• What the exercise asks: Determine how many lines in the records below contain "wooden", then state that number alone.

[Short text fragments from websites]
# # # # # # #
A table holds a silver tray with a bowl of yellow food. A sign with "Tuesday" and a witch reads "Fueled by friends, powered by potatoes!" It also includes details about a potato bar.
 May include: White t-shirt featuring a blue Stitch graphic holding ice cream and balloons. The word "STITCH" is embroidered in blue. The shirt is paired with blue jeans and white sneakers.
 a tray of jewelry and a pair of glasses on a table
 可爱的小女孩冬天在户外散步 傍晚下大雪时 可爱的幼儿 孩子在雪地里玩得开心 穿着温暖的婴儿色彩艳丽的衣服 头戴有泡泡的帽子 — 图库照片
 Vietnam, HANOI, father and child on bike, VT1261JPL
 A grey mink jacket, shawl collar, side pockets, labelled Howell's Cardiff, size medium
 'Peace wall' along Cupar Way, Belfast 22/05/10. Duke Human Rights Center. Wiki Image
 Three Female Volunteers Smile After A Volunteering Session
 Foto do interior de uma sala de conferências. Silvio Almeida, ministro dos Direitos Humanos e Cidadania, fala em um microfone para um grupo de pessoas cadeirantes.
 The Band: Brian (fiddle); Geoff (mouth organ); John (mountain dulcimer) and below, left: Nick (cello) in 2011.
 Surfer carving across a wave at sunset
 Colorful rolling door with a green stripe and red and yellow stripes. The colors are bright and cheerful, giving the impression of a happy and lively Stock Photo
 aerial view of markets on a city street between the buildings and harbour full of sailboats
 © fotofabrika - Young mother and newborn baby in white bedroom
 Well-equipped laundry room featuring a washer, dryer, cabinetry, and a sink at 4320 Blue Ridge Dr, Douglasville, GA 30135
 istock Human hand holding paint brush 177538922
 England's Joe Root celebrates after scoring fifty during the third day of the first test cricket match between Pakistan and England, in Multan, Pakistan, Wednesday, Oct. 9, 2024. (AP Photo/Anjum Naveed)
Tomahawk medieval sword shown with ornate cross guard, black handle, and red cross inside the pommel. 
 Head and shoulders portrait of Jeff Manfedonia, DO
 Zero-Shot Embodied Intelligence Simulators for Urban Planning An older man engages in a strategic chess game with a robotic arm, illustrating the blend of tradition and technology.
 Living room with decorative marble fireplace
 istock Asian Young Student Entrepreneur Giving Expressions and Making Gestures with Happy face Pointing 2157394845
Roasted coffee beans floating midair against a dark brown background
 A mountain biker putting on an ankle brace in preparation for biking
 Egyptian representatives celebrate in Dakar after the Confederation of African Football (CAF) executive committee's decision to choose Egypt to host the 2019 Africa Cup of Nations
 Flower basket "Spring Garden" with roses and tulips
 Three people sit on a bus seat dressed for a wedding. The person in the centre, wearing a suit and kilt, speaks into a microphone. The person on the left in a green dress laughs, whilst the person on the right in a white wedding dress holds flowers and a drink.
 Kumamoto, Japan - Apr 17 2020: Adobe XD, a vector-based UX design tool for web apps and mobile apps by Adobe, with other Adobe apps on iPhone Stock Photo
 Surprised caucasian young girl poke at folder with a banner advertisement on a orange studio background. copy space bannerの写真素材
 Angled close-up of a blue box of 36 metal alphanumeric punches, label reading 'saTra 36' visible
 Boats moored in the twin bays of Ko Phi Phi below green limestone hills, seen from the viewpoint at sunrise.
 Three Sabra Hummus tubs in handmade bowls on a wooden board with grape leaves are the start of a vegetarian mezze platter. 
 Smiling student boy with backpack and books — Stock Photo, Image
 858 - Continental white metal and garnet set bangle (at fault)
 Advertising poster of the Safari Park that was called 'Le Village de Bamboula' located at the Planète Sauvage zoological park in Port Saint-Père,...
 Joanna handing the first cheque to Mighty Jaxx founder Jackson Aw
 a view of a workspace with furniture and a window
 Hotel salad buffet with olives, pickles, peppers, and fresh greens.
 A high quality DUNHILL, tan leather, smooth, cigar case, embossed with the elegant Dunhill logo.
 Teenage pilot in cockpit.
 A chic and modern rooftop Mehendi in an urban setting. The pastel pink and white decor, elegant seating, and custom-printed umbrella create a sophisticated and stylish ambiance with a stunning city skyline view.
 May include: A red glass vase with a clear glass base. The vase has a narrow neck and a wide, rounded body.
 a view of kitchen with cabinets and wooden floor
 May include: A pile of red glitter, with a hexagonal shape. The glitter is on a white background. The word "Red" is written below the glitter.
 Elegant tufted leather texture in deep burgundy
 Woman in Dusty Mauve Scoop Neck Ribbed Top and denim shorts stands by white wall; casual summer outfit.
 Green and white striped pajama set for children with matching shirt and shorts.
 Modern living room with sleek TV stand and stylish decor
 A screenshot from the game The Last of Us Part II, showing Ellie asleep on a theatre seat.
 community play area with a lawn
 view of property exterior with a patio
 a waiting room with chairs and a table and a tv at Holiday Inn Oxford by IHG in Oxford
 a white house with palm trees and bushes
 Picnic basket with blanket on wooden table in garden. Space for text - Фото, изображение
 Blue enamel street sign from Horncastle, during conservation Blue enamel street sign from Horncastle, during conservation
# # # # # # #
• Answer area: 3